• [Exercise aim]: Should the listing contain images, exclude them; give the rest again exactly.

• [Given information]:

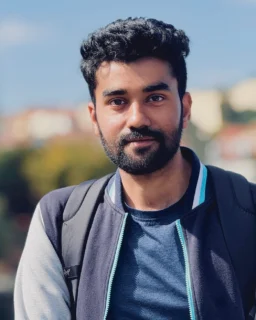 Profilbild von Vishnu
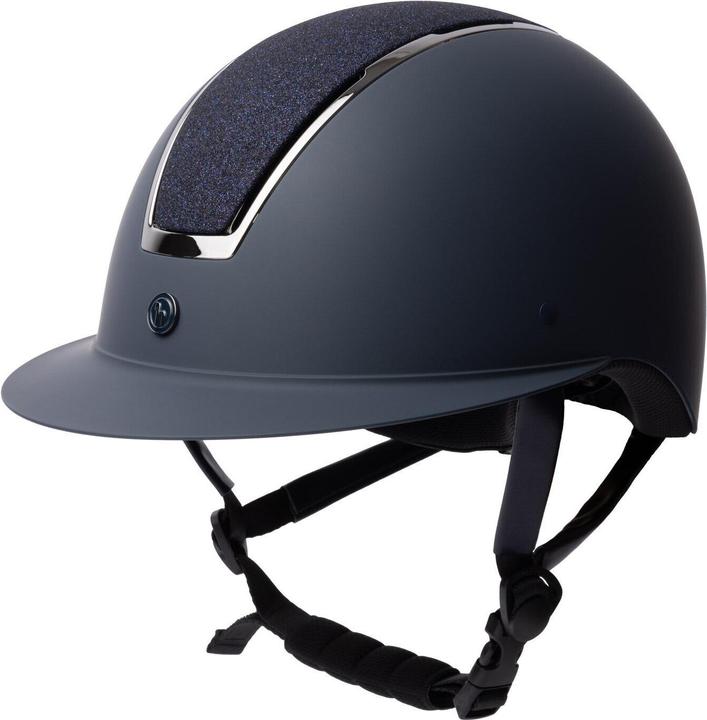 Horze Monarch Metallic Glitter II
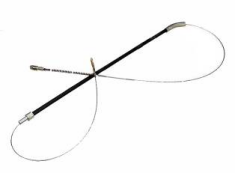 Brake Cable for 73-79 VW Beetle 133609721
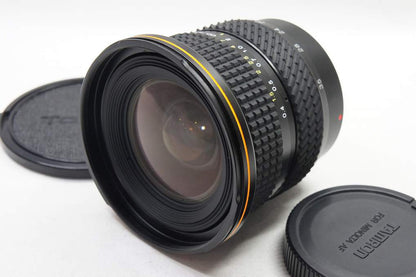 訳あり品 Tokina トキナー AF 20-35mm F3.5-4.5 SONY MINOLTA αマウント 250811h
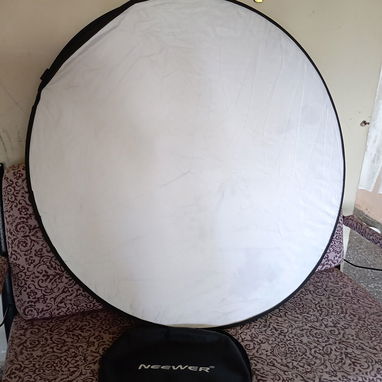 Juego reflector plegable Neewer - Img 127989243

• [Solution to this exercise]:
 Profilbild von Vishnu
 Horze Monarch Metallic Glitter II
 Brake Cable for 73-79 VW Beetle 133609721
 訳あり品 Tokina トキナー AF 20-35mm F3.5-4.5 SONY MINOLTA αマウント 250811h
 Juego reflector plegable Neewer - Img 127989243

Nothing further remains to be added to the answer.